ASSIGNMENT:
Could you write out the listing below exactly as it stands, leaving out the pictures?

╭─ DATA BLOCK

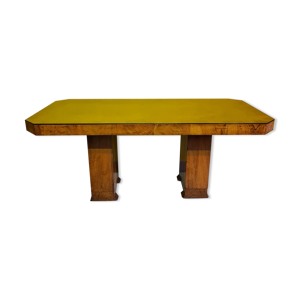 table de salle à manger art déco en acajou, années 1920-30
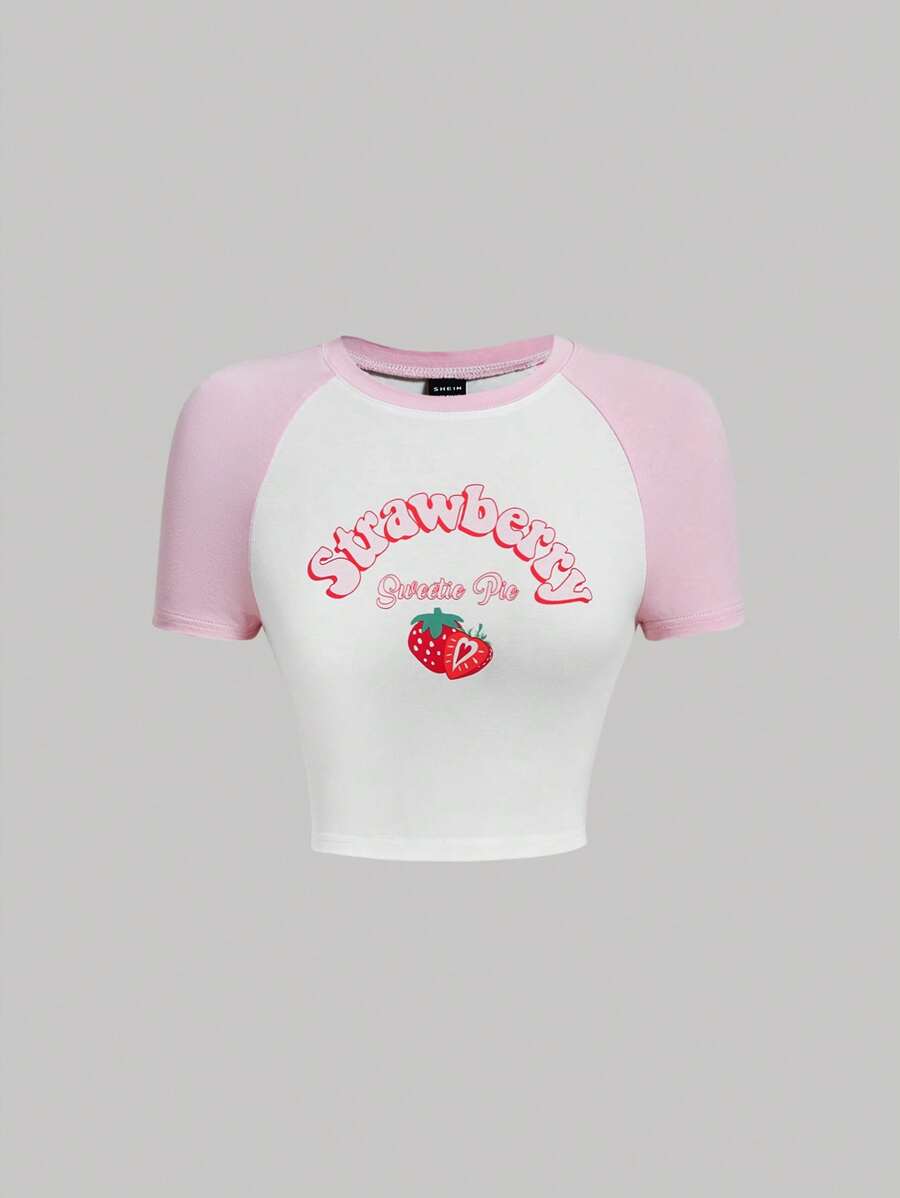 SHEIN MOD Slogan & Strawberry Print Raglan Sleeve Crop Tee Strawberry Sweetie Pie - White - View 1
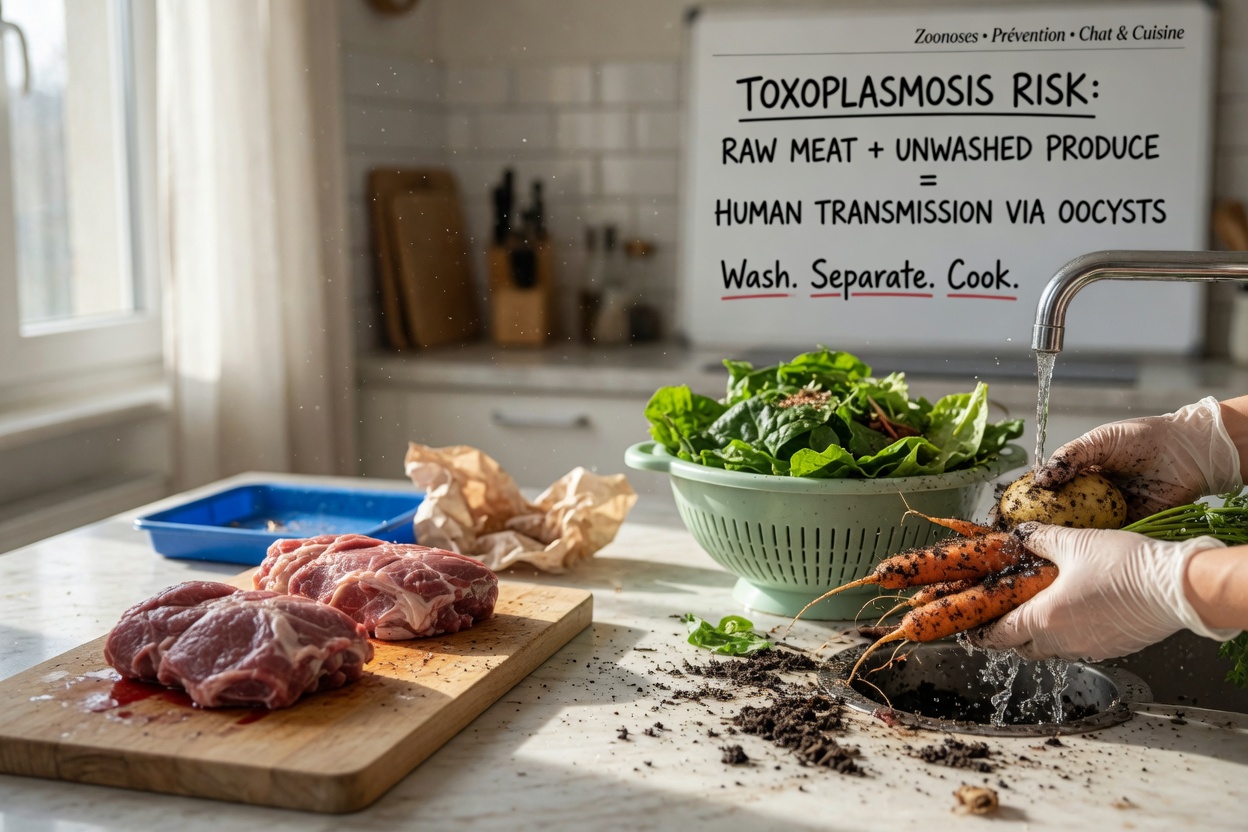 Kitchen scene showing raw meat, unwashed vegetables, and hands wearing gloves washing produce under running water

╰─

RESULT:
 table de salle à manger art déco en acajou, années 1920-30
 SHEIN MOD Slogan & Strawberry Print Raglan Sleeve Crop Tee Strawberry Sweetie Pie - White - View 1
 Kitchen scene showing raw meat, unwashed vegetables, and hands wearing gloves washing produce under running water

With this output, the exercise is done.